A new healing center for people affected by missing and murdered Indigenous women is open in Rapid City. The space is the first of its kind and allows people to meditate and remember victims.
Lily Mendoza is a Cofounder of the Red Ribbon Skirt Society. That’s a group in the Black Hills that helps educate the community on Missing and Murdered Indigenous Women and Two Spirited, or LGBTQIA people.
“We know the numbers are out there. Close to 5,000 documented cases, 70 here in South Dakota and rising. And I think it’s just now that we’ve been paying attention to that crisis, that’s where that comes from. Is the need for us to look at ways we can stop that.”
Mendoza sits in an armchair in the corner of a small room in the Racing Magpie Art Gallery.

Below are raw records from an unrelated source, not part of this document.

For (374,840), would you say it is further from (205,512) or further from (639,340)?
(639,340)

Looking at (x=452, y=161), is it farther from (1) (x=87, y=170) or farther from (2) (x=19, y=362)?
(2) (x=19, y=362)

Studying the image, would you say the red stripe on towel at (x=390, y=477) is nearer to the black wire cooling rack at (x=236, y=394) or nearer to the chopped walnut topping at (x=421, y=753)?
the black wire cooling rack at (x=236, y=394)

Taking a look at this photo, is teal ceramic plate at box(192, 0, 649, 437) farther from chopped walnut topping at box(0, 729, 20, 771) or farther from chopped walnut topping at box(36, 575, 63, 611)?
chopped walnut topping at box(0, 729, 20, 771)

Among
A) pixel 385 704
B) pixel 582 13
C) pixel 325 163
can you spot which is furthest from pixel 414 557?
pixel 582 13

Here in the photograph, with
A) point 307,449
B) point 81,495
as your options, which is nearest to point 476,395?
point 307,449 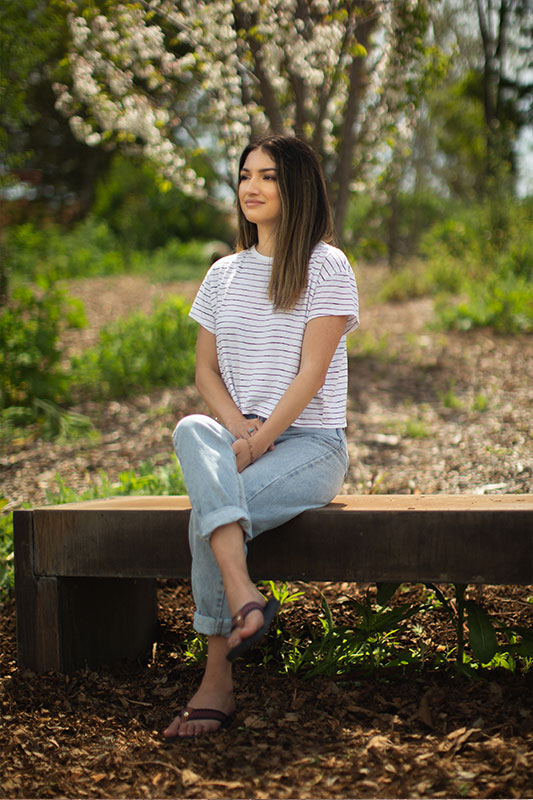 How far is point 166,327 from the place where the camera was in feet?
17.6

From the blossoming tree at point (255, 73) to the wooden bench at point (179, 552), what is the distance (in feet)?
9.22

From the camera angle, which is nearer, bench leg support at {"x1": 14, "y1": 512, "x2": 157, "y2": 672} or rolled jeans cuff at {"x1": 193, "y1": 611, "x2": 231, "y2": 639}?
rolled jeans cuff at {"x1": 193, "y1": 611, "x2": 231, "y2": 639}

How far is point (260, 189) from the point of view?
7.41ft

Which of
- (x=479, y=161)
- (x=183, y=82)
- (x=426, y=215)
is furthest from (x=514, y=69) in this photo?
(x=183, y=82)

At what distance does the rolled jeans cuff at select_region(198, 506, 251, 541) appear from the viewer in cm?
180

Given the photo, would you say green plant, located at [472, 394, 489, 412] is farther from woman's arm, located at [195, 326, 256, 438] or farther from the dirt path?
woman's arm, located at [195, 326, 256, 438]

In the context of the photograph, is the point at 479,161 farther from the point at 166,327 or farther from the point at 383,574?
the point at 383,574

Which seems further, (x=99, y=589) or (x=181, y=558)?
(x=99, y=589)

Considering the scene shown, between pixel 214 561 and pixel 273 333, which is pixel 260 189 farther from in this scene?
pixel 214 561

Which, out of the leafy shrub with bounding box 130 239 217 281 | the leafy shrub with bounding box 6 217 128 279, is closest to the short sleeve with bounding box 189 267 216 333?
the leafy shrub with bounding box 6 217 128 279

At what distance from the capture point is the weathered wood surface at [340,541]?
1850mm

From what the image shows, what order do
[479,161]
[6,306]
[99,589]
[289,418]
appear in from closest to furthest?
1. [289,418]
2. [99,589]
3. [6,306]
4. [479,161]

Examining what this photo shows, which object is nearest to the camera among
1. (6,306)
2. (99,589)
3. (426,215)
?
(99,589)

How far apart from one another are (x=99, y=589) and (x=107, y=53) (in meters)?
3.69
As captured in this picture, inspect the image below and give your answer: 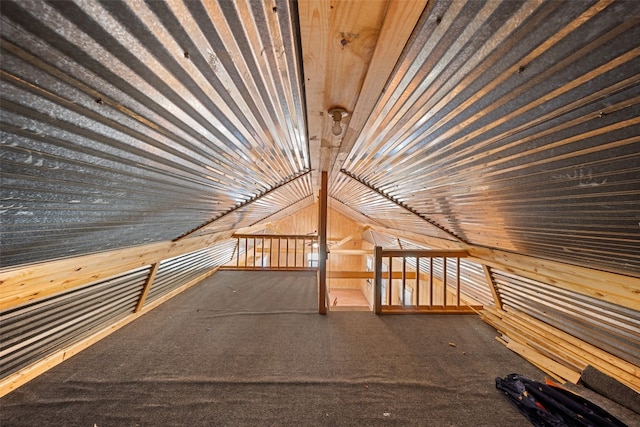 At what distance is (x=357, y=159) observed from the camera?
239 centimetres

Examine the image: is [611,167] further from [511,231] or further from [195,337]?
[195,337]

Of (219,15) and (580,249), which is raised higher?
(219,15)

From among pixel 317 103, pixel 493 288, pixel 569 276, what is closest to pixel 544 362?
pixel 569 276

The walls are decorated with red dresses from a recent art installation called the Why Campaign to draw attention to the missing community members. Each dress is handmade and have cloth tags attached with the names of local victims. Mendoza says this space is permanent.

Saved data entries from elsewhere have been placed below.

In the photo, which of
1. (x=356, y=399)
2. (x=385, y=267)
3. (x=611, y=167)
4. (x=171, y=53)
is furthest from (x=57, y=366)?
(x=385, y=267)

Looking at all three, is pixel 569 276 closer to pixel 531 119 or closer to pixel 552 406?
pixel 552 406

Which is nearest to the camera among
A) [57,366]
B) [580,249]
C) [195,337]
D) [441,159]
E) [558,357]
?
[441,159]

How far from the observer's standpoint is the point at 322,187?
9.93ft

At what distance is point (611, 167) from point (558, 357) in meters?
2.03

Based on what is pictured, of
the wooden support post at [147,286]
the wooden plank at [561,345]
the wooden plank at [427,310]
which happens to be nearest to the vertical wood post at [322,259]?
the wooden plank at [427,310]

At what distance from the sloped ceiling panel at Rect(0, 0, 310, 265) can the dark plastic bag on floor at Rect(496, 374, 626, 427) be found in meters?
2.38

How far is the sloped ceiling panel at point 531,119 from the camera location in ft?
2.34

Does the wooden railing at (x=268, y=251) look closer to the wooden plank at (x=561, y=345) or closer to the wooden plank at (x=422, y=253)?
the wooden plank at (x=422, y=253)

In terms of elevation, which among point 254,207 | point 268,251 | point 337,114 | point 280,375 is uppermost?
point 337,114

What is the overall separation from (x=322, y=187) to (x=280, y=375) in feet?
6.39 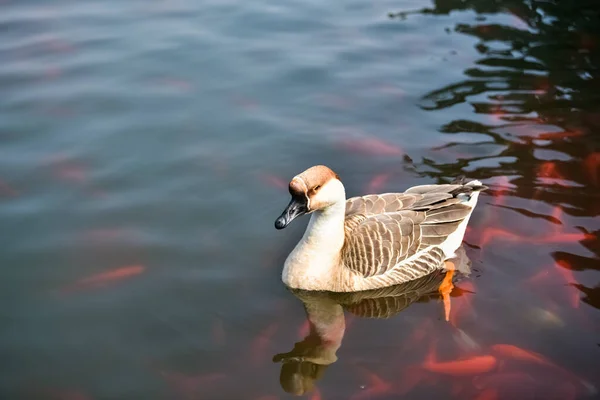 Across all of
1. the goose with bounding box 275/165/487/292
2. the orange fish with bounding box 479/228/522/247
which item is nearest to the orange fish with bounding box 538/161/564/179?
the orange fish with bounding box 479/228/522/247

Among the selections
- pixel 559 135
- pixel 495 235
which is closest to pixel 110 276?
pixel 495 235

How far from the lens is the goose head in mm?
6137

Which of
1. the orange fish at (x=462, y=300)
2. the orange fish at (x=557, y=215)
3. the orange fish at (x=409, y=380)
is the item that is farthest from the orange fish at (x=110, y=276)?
the orange fish at (x=557, y=215)

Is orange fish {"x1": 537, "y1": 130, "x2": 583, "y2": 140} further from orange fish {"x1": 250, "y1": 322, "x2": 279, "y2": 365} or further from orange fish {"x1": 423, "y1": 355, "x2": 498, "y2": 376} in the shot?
orange fish {"x1": 250, "y1": 322, "x2": 279, "y2": 365}

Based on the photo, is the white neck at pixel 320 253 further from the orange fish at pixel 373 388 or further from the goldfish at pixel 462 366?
the goldfish at pixel 462 366

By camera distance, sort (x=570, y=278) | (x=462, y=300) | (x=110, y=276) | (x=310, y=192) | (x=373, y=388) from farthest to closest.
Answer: (x=570, y=278) → (x=110, y=276) → (x=462, y=300) → (x=310, y=192) → (x=373, y=388)

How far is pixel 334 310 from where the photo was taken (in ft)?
22.1

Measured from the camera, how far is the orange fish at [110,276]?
691 centimetres

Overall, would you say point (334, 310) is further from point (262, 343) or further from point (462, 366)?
point (462, 366)

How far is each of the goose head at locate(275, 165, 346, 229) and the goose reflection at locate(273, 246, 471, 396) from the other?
1048mm

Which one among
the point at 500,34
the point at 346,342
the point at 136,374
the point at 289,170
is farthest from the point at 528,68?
the point at 136,374

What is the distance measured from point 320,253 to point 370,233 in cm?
62

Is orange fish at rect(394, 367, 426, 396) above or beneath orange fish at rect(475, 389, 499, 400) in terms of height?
above

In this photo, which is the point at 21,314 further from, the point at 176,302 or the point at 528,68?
the point at 528,68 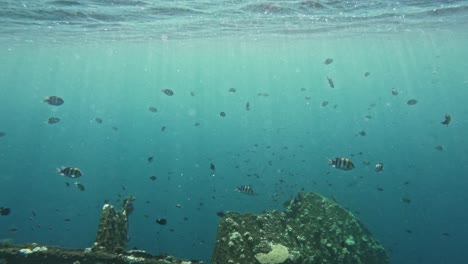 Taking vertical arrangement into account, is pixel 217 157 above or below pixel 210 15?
below

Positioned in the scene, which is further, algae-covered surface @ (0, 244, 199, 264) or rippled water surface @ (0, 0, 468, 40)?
rippled water surface @ (0, 0, 468, 40)

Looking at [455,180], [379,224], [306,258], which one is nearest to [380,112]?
[455,180]

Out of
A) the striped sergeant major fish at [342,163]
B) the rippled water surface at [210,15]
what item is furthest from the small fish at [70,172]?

“What we noticed when we did our event there is that people were looking for a place to go and share their stories and a place to heal and to grieve through a process of lost ones. Even a family and community members going amongst the dresses in the grounds. I would get posts that they’d gone there even to just start out the day. To go there to pray and to heal.”

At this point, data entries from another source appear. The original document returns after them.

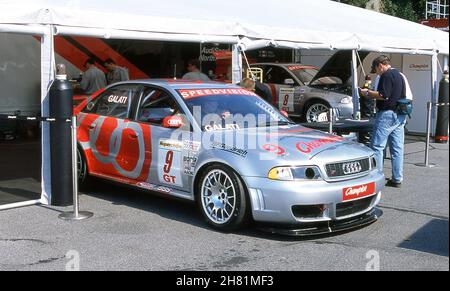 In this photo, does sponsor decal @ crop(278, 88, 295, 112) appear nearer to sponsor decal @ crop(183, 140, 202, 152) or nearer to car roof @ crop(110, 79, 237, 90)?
car roof @ crop(110, 79, 237, 90)

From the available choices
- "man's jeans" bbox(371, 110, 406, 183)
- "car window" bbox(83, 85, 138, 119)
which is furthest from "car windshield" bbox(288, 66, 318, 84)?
"car window" bbox(83, 85, 138, 119)

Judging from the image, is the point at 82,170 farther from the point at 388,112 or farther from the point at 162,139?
the point at 388,112

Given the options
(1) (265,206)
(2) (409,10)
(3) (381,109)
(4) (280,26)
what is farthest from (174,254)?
(2) (409,10)

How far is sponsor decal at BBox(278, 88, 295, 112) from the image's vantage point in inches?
590

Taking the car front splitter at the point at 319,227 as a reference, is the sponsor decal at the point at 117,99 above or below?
above

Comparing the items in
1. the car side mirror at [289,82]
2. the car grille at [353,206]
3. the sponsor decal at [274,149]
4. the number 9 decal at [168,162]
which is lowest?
the car grille at [353,206]

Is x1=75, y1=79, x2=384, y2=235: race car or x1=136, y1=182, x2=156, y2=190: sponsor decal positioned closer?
x1=75, y1=79, x2=384, y2=235: race car

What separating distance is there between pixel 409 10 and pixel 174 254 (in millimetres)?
30500

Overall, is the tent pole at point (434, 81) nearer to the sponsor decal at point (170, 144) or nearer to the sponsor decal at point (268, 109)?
A: the sponsor decal at point (268, 109)

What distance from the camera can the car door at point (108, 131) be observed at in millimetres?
6914

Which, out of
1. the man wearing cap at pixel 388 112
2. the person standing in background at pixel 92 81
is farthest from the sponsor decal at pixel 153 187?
the person standing in background at pixel 92 81

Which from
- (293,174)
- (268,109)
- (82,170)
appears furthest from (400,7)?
(293,174)

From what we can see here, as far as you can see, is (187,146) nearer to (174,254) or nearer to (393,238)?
(174,254)

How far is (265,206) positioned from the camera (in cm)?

There are two chairs in the dimly lit room and artwork surrounding the space. Mendoza says it’s created for meditation, remembrance and prayer.
“People can bring items, they can bring pictures, they can sage, they can bring sweetgrass, flowers-whatever they would like to bring and put them on the altar.”
Mendoza says it’s free to the public. The space is open Tuesday thru Saturday from noon to 4:30, but the hours increase in the Summer.